In the United States, lasers are classified by the CDRH (Center for Devices and Radiological Heath) - formerly known as the BRH (Bureau of Radiological Health). I believe this government organisation has connections to the FDA, but it is there specifically for lasers and other products that generate radiation.


----------



## Daedal

I cannot recalle exactly where I saw it before, but there was a thread that pretty much listed all the states and their respective legal limit. Also, Mike, on LC, again not sure, there was a guy who had a friend of his using his 200mW greenie and accidentally pointed it into his eye. Needless to say, some damage was done. After 2 months or so of the black spot having not gone away he went to get his eye checked, and he actually had the picture of hit retina online showing the damage that is at the time of the picture is 2 months old. You could clearly see the burn marks. This is, also, a very fast sweeping action that he was caught in. It is very disturbing and should be handled safely. Any mistakes and the damage could be beyond money or repair, it's a matter of health.
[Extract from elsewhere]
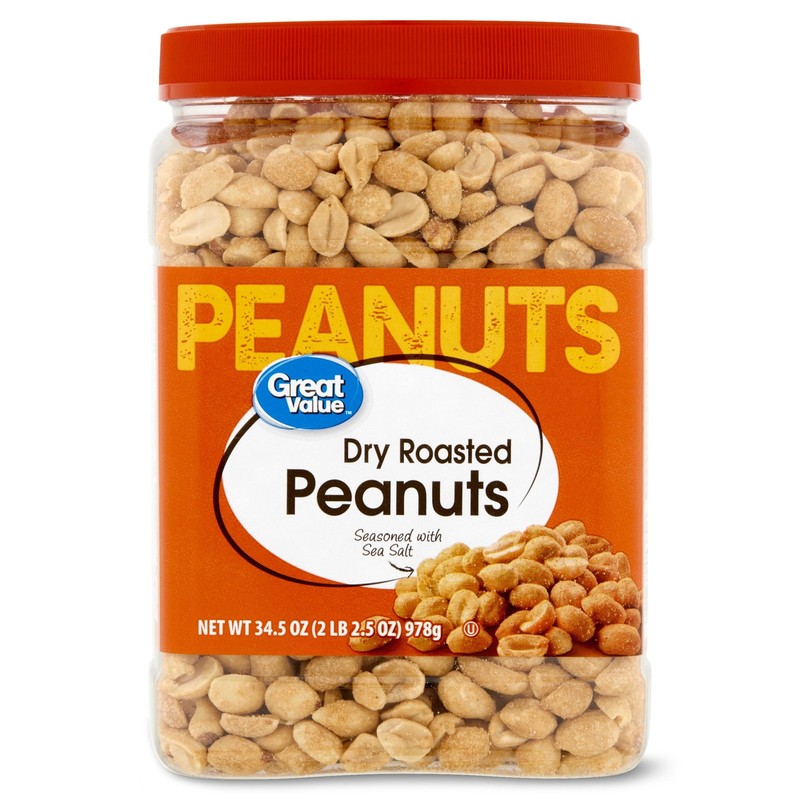 Great Value Dry Roasted Seasoned with Sea Salt , 34.5 oz gallery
AFAIK, the limit was set using some preliminary tests showing that this kind of light can be used by a curious 18 year old and without any significant damage. A 5mW can do permanent damage if stared into, ever for a short while. In europe I have heard it limited to 2mW, which, obviously, limits the damage much further.

I'm not saying anyone here is irresponsible or capable of making their own mature decisions, but since this is publicly available, accidents can happen. I wouldn't want to sell an 18 year old a 200mW laser and have him blind his mom or girlfriend by mistake. We've all seen stupid videos with lasers in the wrong hands available online... It's sad...

Hope everyone stays safe;
DDL


----------



## The_LED_Museum

In the UK (including Europe) the limit for laser *POINTERS* is 1mW, not 2mW.
But as far as the public's ownership of all laser devices (pointers, modules, large laboratory lasers, etc) I do not know what the limit is.


----------



## comozo

Lightmax said:


> What's the limit for a legal personal laser?
> 
> 
> 
> I've seen several advertised, and I am not sure what the real power actually is. Think car stereos, and LED flashlights.
> 
> 
> What would recommend for a high power laser, that's relatively affordable?
> 
> 
> Thanks,
> 
> Lightmax



For the USA only. There is none. No federal agency over sees the hobbyist. I think you're confusing two questions. I answered the first. For the second. Laser pointers are illegal to import if they output over 5mw and if they do not have the require FDA safety features.Turnkey lasers 5mw or more must meet FDA safety requirements and can be of any output above 5mw


----------



## Apex007

Daedal said:


> I cannot recalle exactly where I saw it before, but there was a thread that pretty much listed all the states and their respective legal limit. Also, Mike, on LC, again not sure, there was a guy who had a friend of his using his 200mW greenie and accidentally pointed it into his eye. Needless to say, some damage was done. After 2 months or so of the black spot having not gone away he went to get his eye checked, and he actually had the picture of hit retina online showing the damage that is at the time of the picture is 2 months old. You could clearly see the burn marks. This is, also, a very fast sweeping action that he was caught in. It is very disturbing and should be handled safely. Any mistakes and the damage could be beyond money or repair, it's a matter of health.
> 
> AFAIK, the limit was set using some preliminary tests showing that this kind of light can be used by a curious 18 year old and without any significant damage. A 5mW can do permanent damage if stared into, ever for a short while. In europe I have heard it limited to 2mW, which, obviously, limits the damage much further.
> 
> I'm not saying anyone here is irresponsible or capable of making their own mature decisions, but since this is publicly available, accidents can happen. I wouldn't want to sell an 18 year old a 200mW laser and have him blind his mom or girlfriend by mistake. We've all seen stupid videos with lasers in the wrong hands available online... It's sad...
> 
> Hope everyone stays safe;
> DDL



Well said. I think people need a reminder of what care needs to be taken when using higher powered lasers. The damage is quick and perminant, there are no second chances.


----------



## Ragnarok

Lightmax said:


> What's the limit for a legal personal laser? 5w?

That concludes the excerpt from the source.